This is the Day

17 03 2014

Mel at work 2
I knew this day would come—it was inevitable. And our tears are there to bear witness.

One year ago today was a beautiful Sunday. Spring was bursting out all over the yard, coaxed by warm temperatures and bright sunshine. Mel and I attended our church that morning, thinking ahead to Easter Sunday coming in two weeks. We were sure a season of promise and new beginnings was finally upon us.

It didn’t turn out that way. Who would ever have thought that the unthinkable would happen on such a perfect day.

Everything’s different this year. This day, this wintery day after the longest, harshest winter in many years, is the total opposite. Snow has coated the earth for months, unrelenting cold causing furnaces to run constantly, and we are all weary of shoveling snow day after day after day. But that’s not the biggest difference.

This is the day my family and I and our close friends will never be able to erase from our memories. One year ago today, at about 3:20 in the afternoon, my husband was ushered through the gates of heaven by God’s angels. By the time we knew this, he had already spent over an hour in his eternal home, rejoicing and worshiping with all those who had gone before him.

The pain of that loss, so fresh and unfathomable then, is still fresh, still incomprehensible. We don’t understand, nor do we want it to be true. We don’t want to celebrate this day, the anniversary of his home-going, because it means we no longer have him here. The joy of knowing he is with his Father, his Lord, can’t begin to erase the hurt in our hearts, nor can it fill the hole in our lives. Our reality is that he is gone, never coming back, never here again to celebrate all the wonderful occasions through years to come. And it’s just not fair.
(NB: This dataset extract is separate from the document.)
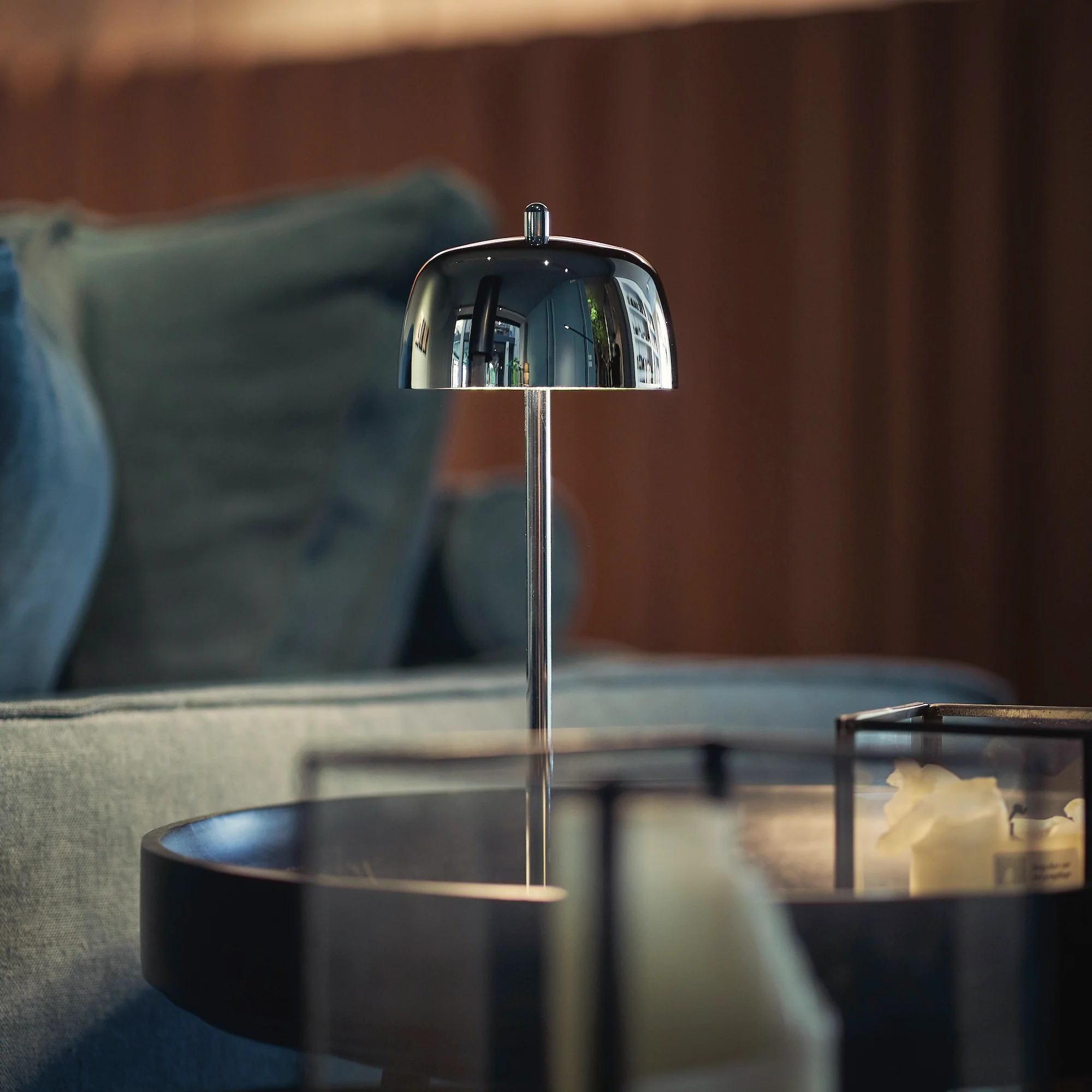 The polished chrome Theta Pro Cordless Lamp from Zafferano on an end table in a living room.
Sure, we have our faith. I doubt I could have made it through this year without it. But here’s the reality—he’s still gone. The comfort of knowing where he is can’t negate the fact that we no longer have him here. So what do we do with that? How do we face another year knowing Mel won’t be part of any of it?
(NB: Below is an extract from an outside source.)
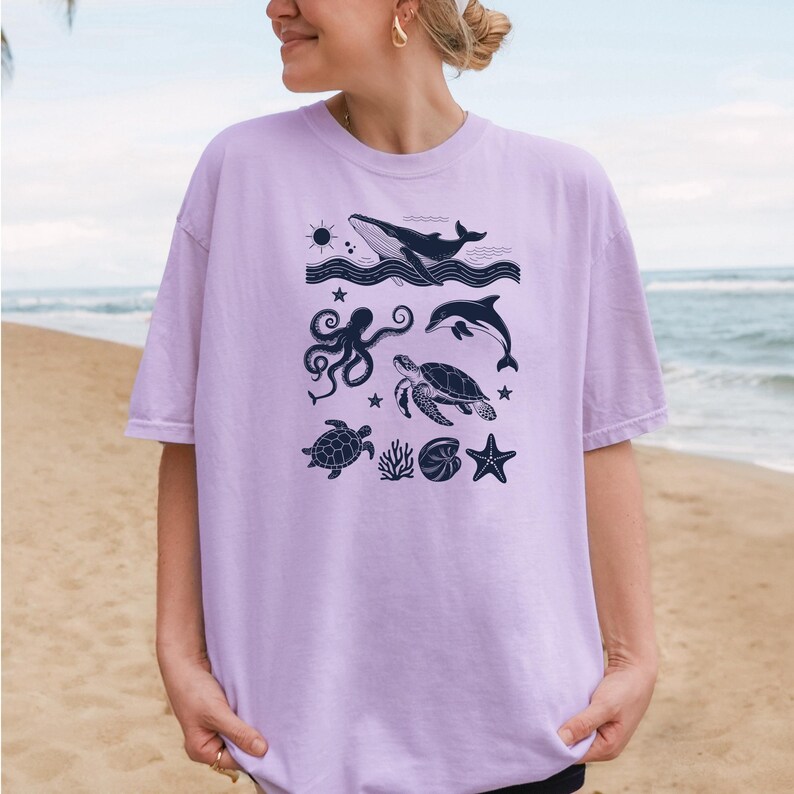 May include: A light purple t-shirt featuring a navy blue ocean-themed graphic. The design includes a whale, dolphin, octopus, sea turtle, starfish, and other sea elements. The shirt is a relaxed fit.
This past weekend we spent time together, my three kids and I, talking about Mel, going through things that are precious to us all, missing him, crying over the emptiness we all feel. We held his things, looked at all the tools he used to create gifts for all of us, and realized once again that he will never touch those things again, never carve another piece of Christmas décor, never build that table out of the weathered wood, never repair that old chair he found at an antique store. Never is such a cruel word.

It hurts. Faith doesn’t lessen that. But it does help us cope. We are left behind, left to deal with the finality of his death. We are the ones who have to figure out how to do this in a new reality. How well we do it speaks to how much we trust. So we let ourselves fall into God’s arms–knowing that He is there to catch us, enfold us, comfort us, and give us the peace we so desperately need. He knows all the reasons, and in the end isn’t that really all we need to know?

You see the truth is, we will see him again. On that someday in the future, we will be reunited, not just with Mel, but with so many other dear ones we have lost, and those we will lose in years to come. That’s the thing; it’s all going to be good in the end, because as long as we believe and place our trust in God, we will see them again.

What a blessing. What peace that gives us. And maybe, just maybe, it will help us heal on this day. This, the hardest day.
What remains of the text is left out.